The judge said that because only convicted sex offenders must register themselves in a public database under Megan's Law -- and because the statute of limitations for pressing criminal charges has expired for all but one of the priests -- the communities in which these men live have no access to information about their past.

“The state has a compelling interest in making the information known to the community,” Lichtman wrote.

Most of the sexual abuse in question occurred at St. Anthony’s Seminary, an all-boys high school in Santa Barbara that closed in 1986. An internal audit conducted by the Franciscan Order in the early 1990s showed that at least 34 boys had been abused between 1960 and 1990.

Some of the victims decided to sue the order, the Archdiocese of Los Angeles and other Roman Catholic entities when the California Legislature lifted the statute of limitation on old cases of abuse (but only for civil cases) in 2002.

The settlement agreement reached last year came after years of legal wrangling between lawyers for the victims and the Franciscan Order. Each of the 25 victims received about a million dollars, and the Franciscan Order agreed to release documents that would have come out in court had the cases gone to trial.

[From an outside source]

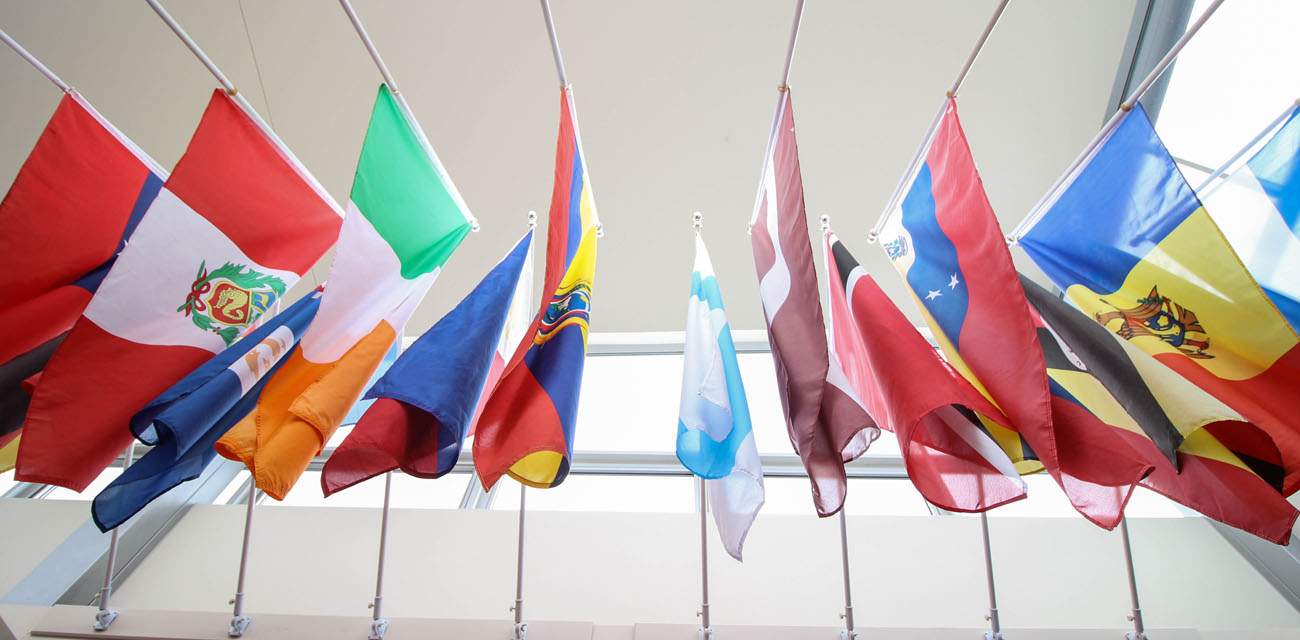 Flags of the world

Because of that wording in the settlement agreement, Lichtman ruled that the personnel files should be released now. The courts will now go through each individual priest file and determine what will be released and when.

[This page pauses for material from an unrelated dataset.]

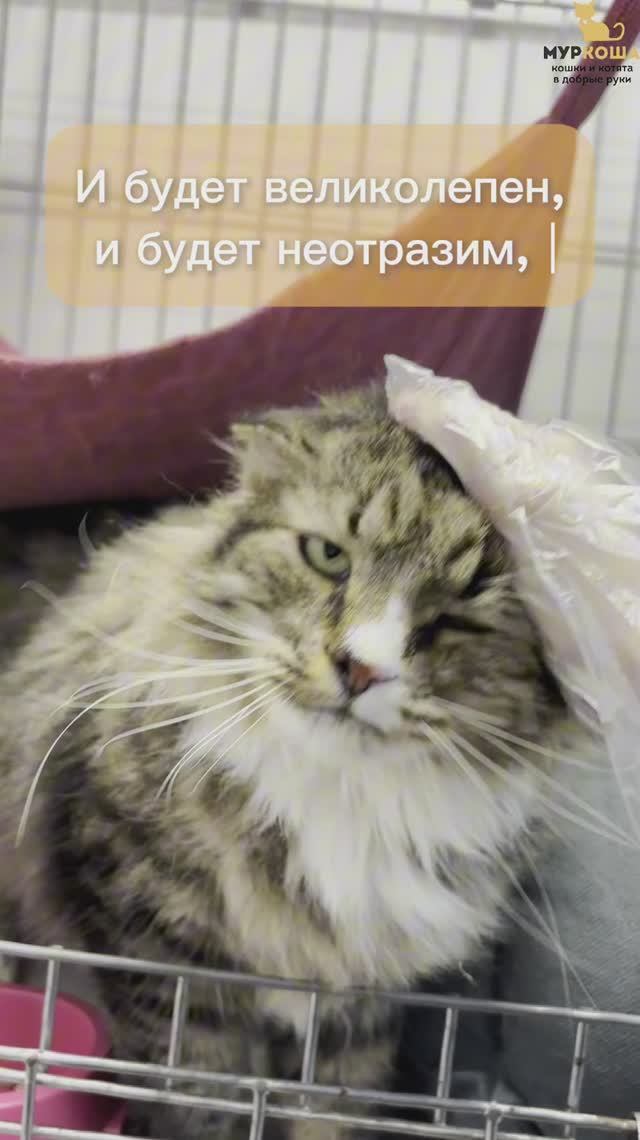 Курт ждёт вас в приюте #Муркоша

It is the first time a judge in California has made such a ruling. In a similar case against the Diocese of Orange two years ago, the judge ruled that the documents could not be released because it wasn’t clear whether they would have been released in court, and whether all of the priests had admitted to abuse.

In this case, “all of the above named individuals have either admitted to acts of sexual molestations of a minor, the friars themselves have conceded such conduct, or prior records have indicated a propensity to commit sexual acts,” the judge wrote.

The six priests who raised the privacy concerns include: Brother Samuel Cabot, the Rev. Mario Cimmarrusti, the Rev. David Johnson, the Rev. Gus Krumm, the Rev. Gary Pacheco and Robert Van Handel, who was defrocked.

In their internal audit, the friars themselves conceded that the Rev. Cimmarrusti was one of the most prolific abusers at St. Anthony’s. He currently resides at a retreat house in Danville, but the Franciscans have said in the past he has no access to children.

Brother Cabot, who allegedly admitted to sexual abuse, lives at a retreat house in Malibu within walking distance of residential neighborhoods, according to lawyers for the victims. The Rev. Van Handel is the only priest convicted criminally; he is a registered sex offender who lives in the Santa Cruz area.